1  Introduction

Model diagnostics are critical in evaluating the accuracy and validity of a statistical model. In the context of regression diagnostics, a common practice is to plot residuals against fitted values, which serves as a starting point for evaluating the adequacy of the fit and verifying the underlying assumptions. Visual diagnostics are frequently preferred or recommended (Cook and Weisberg 1982; Draper and Smith 1998; Montgomery et al. 1982) due to the possibility of discovering abstract and unquantifiable insights, however, it can be subject to over-interpretation or even neglect.

Buja et al. (2009) introduced a visual inference framework that formalised a hypothesis testing of graphical representations of data (henceforth referred to as the data plot) via the lineup protocol. The protocol is inspired by the police lineup technique employed in eyewitness identification of criminal suspects. Briefly, the protocol comprises m randomly positioned plots, where one position presents the data plot, while the remaining m-1 plots present the plots with the same graphical structure, except that the data has been replaced with data consistent with the null hypothesis H_0 (henceforth referred to as null plots). To compute the p-value of the visual test, the lineup will be independently presented to a number of participants, asking them to pick the most different plot. Under H_0, the data plot is expected to be indistinguishable from the null plots, and the probability of correctly identifying the data plot by an observer is 1/m. If a large number of participants correctly identify the data plot, the corresponding p-value will be small, indicating strong evidence against H_0. This protocol provides a calibration of the data plot against the null plots, ensuring that the data plot is not over-interpreted.

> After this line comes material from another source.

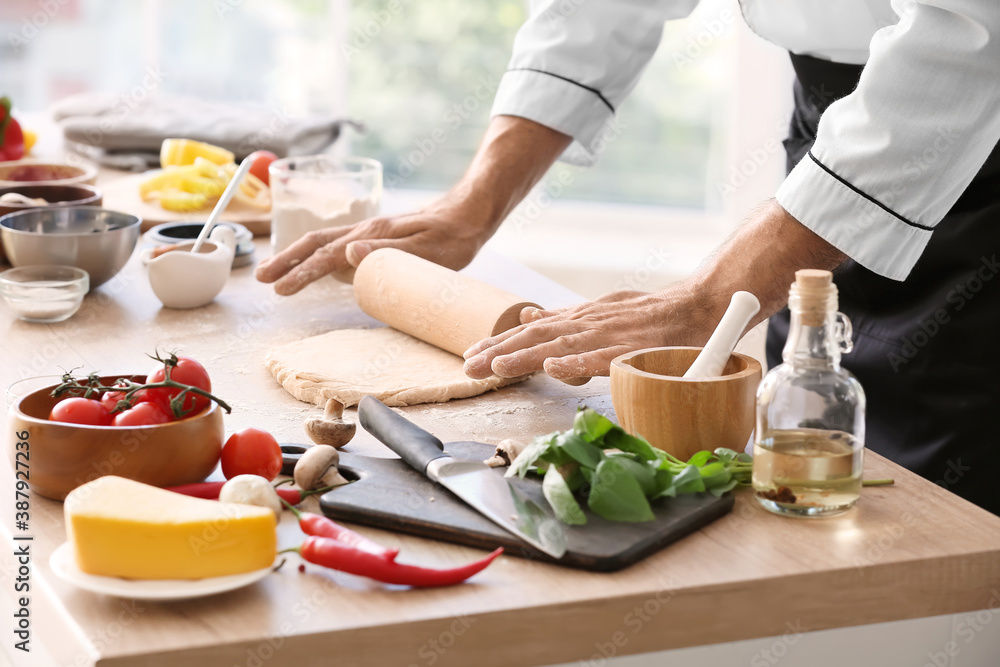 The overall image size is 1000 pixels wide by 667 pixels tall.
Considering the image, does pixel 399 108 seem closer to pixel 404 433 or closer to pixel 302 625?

The lineup protocol has gained increasing traction in recent years and has already been integrated into data analysis of various topics (see Krishnan and Hofmann 2021; Loy and Hofmann 2013; Savvides et al. 2023; Widen et al. 2016). However, the reliance of human assessment is a fundamental aspect of visual tests, which may restrict its widespread usage. The lineup protocol is unsuitable for large-scale applications, due to its high labour costs and time requirements. Moreover, it presents significant usability issues for individuals with visual impairments, resulting in reduced accessibility.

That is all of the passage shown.